==== Raw data ====

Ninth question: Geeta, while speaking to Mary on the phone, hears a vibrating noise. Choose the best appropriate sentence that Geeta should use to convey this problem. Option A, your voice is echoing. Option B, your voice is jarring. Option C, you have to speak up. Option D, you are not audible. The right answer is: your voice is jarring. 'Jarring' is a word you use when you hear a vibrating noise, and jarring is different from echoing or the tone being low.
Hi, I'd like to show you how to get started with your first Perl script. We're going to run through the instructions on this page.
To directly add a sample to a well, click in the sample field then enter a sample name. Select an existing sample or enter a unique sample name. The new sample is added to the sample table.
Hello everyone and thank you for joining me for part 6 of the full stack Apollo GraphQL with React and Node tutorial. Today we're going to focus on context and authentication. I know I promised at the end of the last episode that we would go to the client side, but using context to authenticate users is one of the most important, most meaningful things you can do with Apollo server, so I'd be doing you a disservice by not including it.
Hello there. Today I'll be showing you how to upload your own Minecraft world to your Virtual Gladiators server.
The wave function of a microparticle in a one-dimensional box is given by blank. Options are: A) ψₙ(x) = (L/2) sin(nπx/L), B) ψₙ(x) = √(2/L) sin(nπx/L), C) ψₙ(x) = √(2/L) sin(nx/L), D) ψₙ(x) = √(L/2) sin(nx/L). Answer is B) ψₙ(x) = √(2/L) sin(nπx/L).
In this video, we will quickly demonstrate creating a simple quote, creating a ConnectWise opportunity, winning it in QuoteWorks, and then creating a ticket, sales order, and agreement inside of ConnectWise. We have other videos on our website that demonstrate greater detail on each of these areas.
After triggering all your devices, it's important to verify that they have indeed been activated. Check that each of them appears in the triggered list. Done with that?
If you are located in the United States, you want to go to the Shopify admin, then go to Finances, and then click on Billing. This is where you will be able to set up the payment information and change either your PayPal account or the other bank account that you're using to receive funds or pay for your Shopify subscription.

====
==== Raw data ====

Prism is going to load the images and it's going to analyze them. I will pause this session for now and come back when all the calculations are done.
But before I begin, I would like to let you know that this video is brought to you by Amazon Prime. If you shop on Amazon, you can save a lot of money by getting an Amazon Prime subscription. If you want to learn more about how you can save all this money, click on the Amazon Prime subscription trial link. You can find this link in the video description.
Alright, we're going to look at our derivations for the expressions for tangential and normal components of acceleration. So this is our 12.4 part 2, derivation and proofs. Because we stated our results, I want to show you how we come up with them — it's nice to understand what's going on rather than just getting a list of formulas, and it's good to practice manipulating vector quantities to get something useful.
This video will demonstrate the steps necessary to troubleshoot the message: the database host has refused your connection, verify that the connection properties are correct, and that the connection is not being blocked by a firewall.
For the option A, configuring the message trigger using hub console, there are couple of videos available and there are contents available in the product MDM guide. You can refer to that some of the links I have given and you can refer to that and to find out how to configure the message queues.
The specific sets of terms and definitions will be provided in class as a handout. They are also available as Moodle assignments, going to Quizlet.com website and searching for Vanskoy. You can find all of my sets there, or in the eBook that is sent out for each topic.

====

__Problem__.
Beginning at the line above that contains "In this video, we", return each line exactly through the line that contains "If you are located", and no others.

__Output of the task__.
In this video, we will quickly demonstrate creating a simple quote, creating a ConnectWise opportunity, winning it in QuoteWorks, and then creating a ticket, sales order, and agreement inside of ConnectWise. We have other videos on our website that demonstrate greater detail on each of these areas.
After triggering all your devices, it's important to verify that they have indeed been activated. Check that each of them appears in the triggered list. Done with that?
If you are located in the United States, you want to go to the Shopify admin, then go to Finances, and then click on Billing. This is where you will be able to set up the payment information and change either your PayPal account or the other bank account that you're using to receive funds or pay for your Shopify subscription.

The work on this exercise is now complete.